RE: the Manx cat discussion-
Perhaps the T-box/Brachyury genes would be better candidates to explain the spectrum of tailless/short-tailed phenotypes in Manx cats. Classic T/brachyury genetics investigations began in the 1930s; surely someone has looked into this in Mus musculus' mortal enemy, the domestic cat. I'm just not having a good PubMed day myself. ;-)
Genes involved in regulating taillessness in ascidian larvae have clever names such as Manx, bobcat, and Cymrian...for lucid descriptions of T-box transcription factors and ascidian embryo patterning, check out the aforementioned Davidson book, as well as his earlier Genomic Regulatory Systems.
Harold, thanks for the great link.
I particularly recommend Fig. 1 of the linked article (without at all wanting to discouraging anyone from reading the whole thing!): altho PZ has published similar info in a somewhat different format, this graphic nicely parallels the usual "tree of life" (at least the multicellular plant-animal twig thereof). It nicely condenses several rebuttals of creo canards into one handy package: mutations do give rise to new info and complexity, etc.
Thanks again! Another great example of sharing the wealth of knowledge available here.
Stevie P -
Thanks.
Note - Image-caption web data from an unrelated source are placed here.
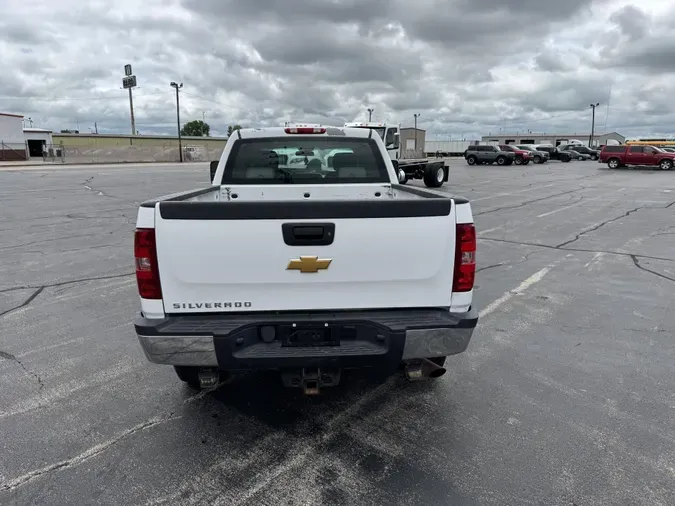 2014 Chevrolet G-2500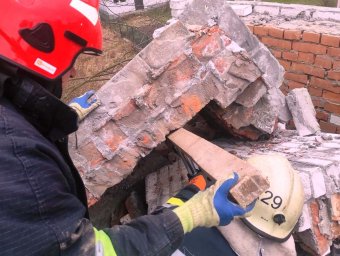 Во Львовской области мужчину придавило рухнувшей стеной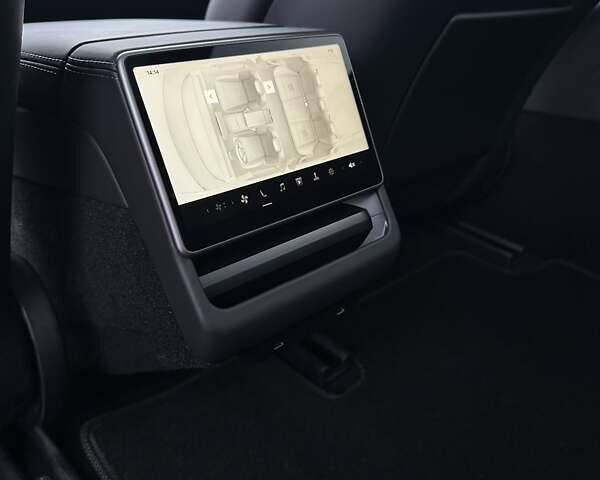 Сірий Тесла Модель 3, об'ємом двигуна 0 л та пробігом 5 тис. км за 31900 $, фото 18 на Automoto.ua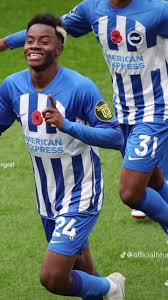 Vidéos de simondingra2024 (@simondingra1) avec son original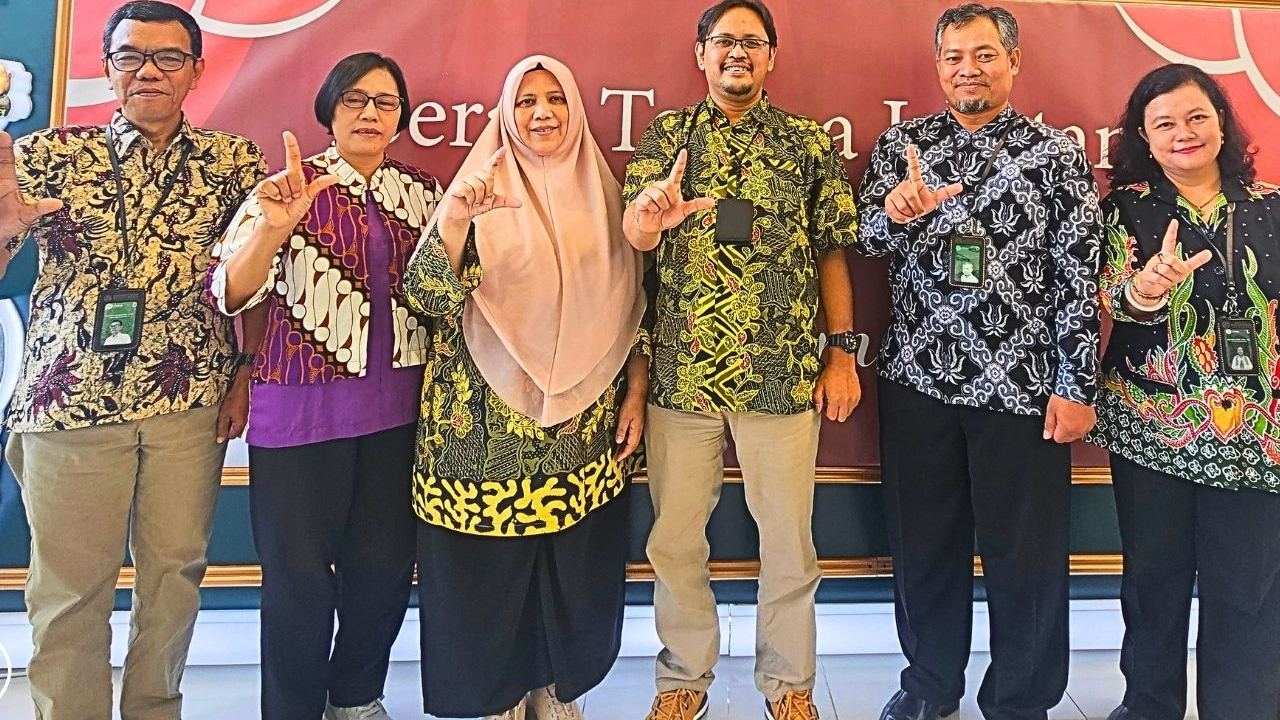 Banner Serah Terima Jabatan Pejabat Administrator dan Pengawas Lingkup Balai Besar KSDA Jawa Timur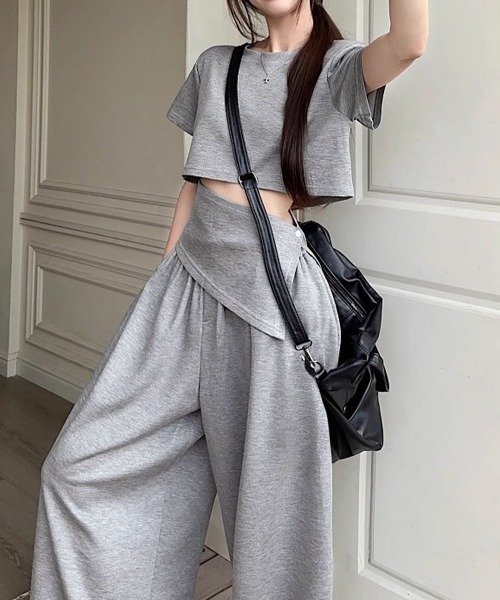 Miniministore(ミニミニストア)の「クロップド丈トップス ワイドパンツセット(セットアップ・レディース・ブラック/グレー・M/L)」の14枚目の写真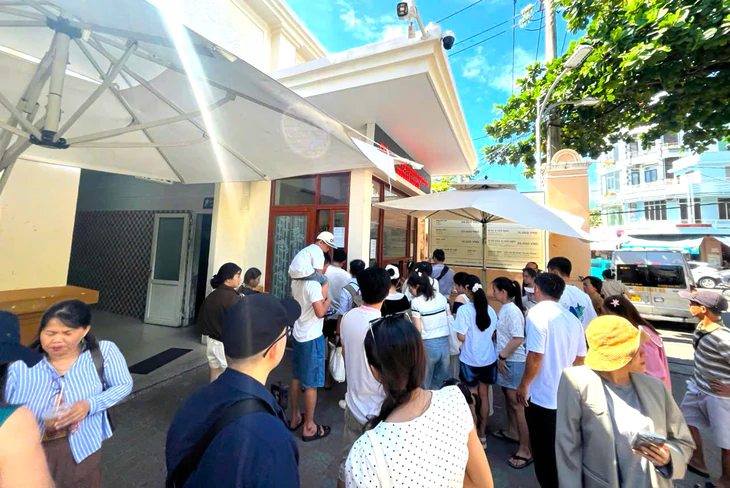 Thoát kẹt xe trên cao tốc, du khách TP.HCM, Đồng Nai đổ về Nha Trang, các điểm du lịch đông nghẹt - Ảnh 3.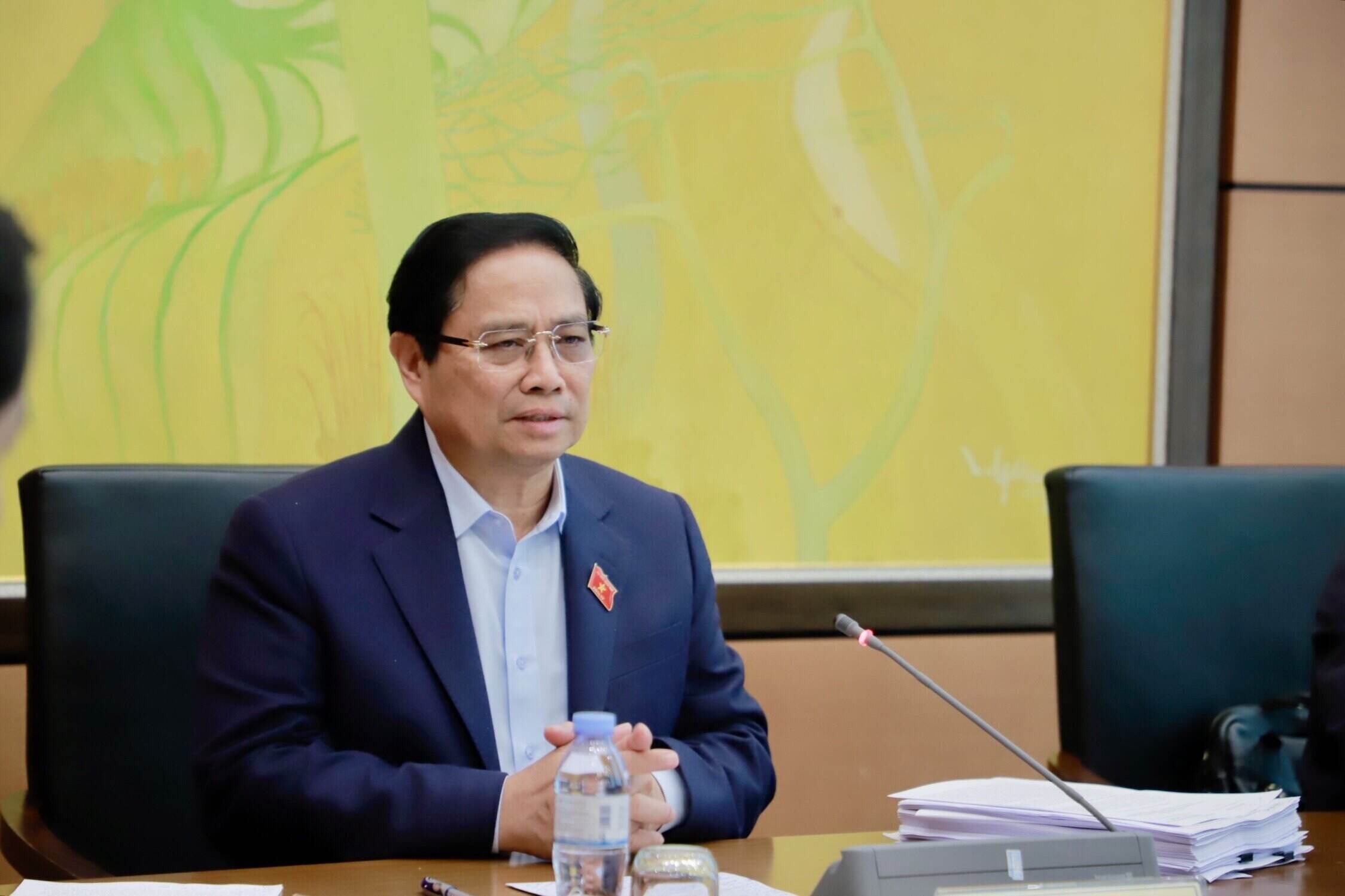 Prime Minister Pham Minh Chinh spoke at the group discussion session on the morning of February 15. Photo: Xuan Truong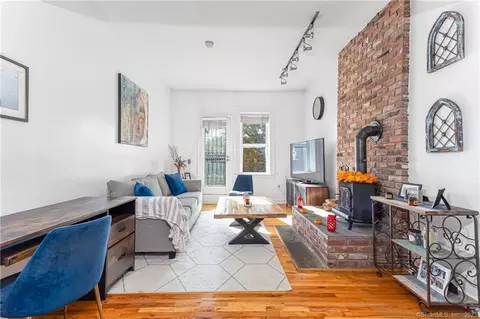 118 Washington St #207, Norwalk, CT 06854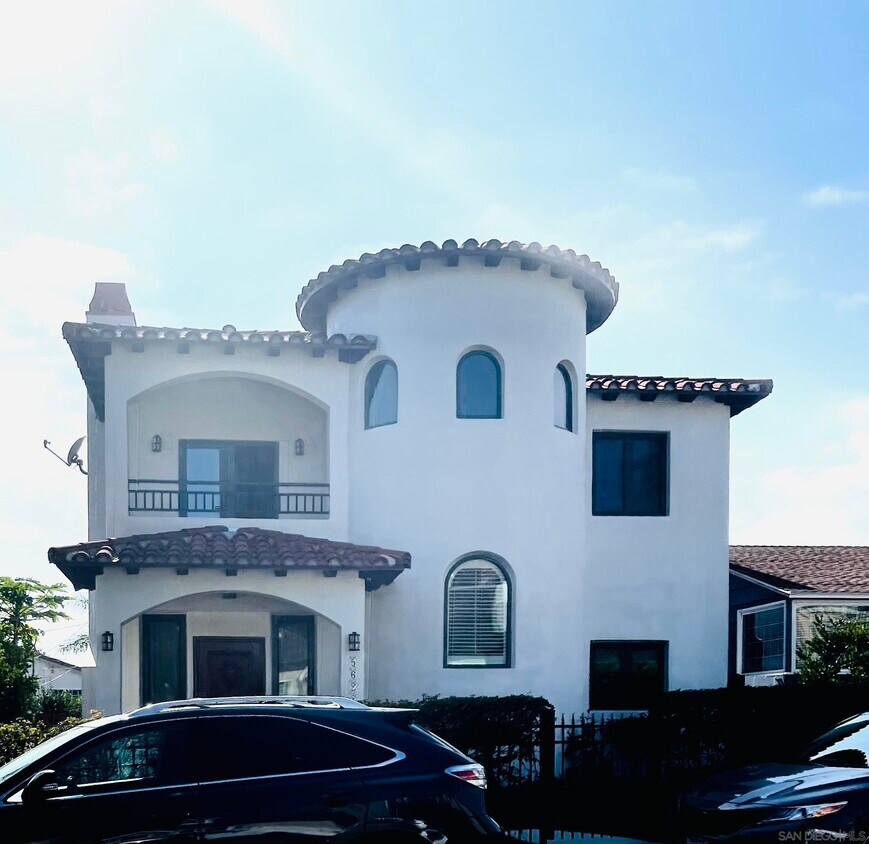 Primary Photo - 5622 Taft Ave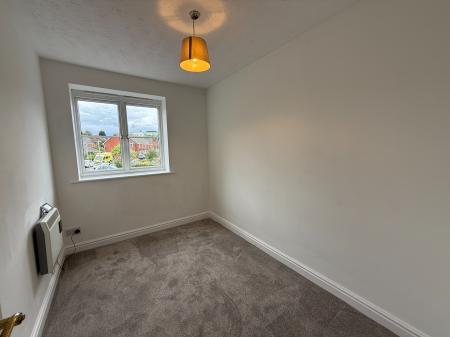 2 bedroom Flat to let in Frances Havergal Close, Leamington Spa, CV31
That is pretty funny. The FSM sure worked her butt off, designing it to look exactly like evolution in every possible way. Talk about detail oriented.
A couple more observations -
1) Although brief and highly speculative, the cancer stuff at the end is quite interesting. In my old career as a diagnostic pathologist I could rattle off all the common translocations associated with the various subtypes of leukemia and lymphoma (their use in classification is ahead of their use in understanding of pathophysiology and targeted treatments for the time being).
2) From a broader perspective, think about this - plants are just as multicellular and complex as animals, and develop from tiny embryoes to giant trees, but they lack a hox gene cluster. They obviously use some kind of different mechanism(s) for similar functions, since they have a lot of morphologic specialization. Pretty interesting. I was interested in nervous systems and brains as an undergrad, and then I went to med school, so I am quite ignorant of plant biology.
The specification of segment identity within flowers is controlled by MADS-box proteins which, like HOX proteins, are a family of structurally related transcription factors. MADS-box proteins are structurally unrelated to HOX proteins but mutations in their genes lead to homeotic transformations, like mutations in HOX genes.
While I now appreciate the difficulties with transforming or deleting segments, I was thinking the same. But according to the infallible Wikipedia, Manx cats fall all along the scale between normal to "tailless", and is classified accordingly.
The references seems to bear most of that out (but the tail length of a "Longy" isn't specified more than "visible short"), and also suggests that different spinal defects that can be observed stems from when the gene action happen to affect the spine above the tail.
But cats can be stably "tailless" as well, Lynx comes to mind. Also, I can think of several groups (or whatever) that have some at least superficially "tailless" species. (Turtles, rodents, et cetera.)